Burmese journalists from Rangoon-based publications have complained that they cannot report freely about pro-democracy leader Aung San Suu Kyi’s transfer to Insein Prison due to heavy restrictions on press freedom.

While the Burmese public is eager to hear news surrounding Suu Kyi’s arrest and the incident at her home involving an American intruder, they are forced to turn to the international press and Burmese news agencies in exile, because local media is largely silent on the issue.

Speaking to The Irrawaddy on Friday, an editor working with a leading journal in Rangoon said, “Of course we want to report this news, but we cannot. The censorship board will definitely reject it.”

Another Rangoon-based editor said, “We can publish reports about this news in similar terms to those of the state-run newspapers. I’m sure that we cannot report any more than that.
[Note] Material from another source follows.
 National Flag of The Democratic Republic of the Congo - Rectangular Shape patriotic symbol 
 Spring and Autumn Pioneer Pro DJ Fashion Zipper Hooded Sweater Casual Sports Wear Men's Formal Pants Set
Otherwise, our lives will be in danger.”

A Burmese journalist in Rangoon who is working with a foreign news agency said that he is constantly confronted with difficulties when confirming details deemed “sensitive matters” by the Burmese authorities.

Sources in Rangoon said that “everyone” in the former capital—from reporters to rickshaw drivers—listens to the radio every morning and evening to find out what is happening with Suu Kyi.

Several sources indicated that the public reaction to Suu Kyi’s arrest and her subsequent detention in a guest house within the compound of Insein Prison ranges from anger toward the junta to feelings of pity for the Nobel Peace Prize laureate and fears for her safety.

A resident in Rangoon said that the news about Suu Kyi and the “Inya Lake Swimmer” is the talk of the town and that many people are constantly calling each other sharing the latest rumors.

“Some are saying that the incident [with the American intruder at Suu Kyi’s house] has been fabricated by the Burmese authorities,” he said.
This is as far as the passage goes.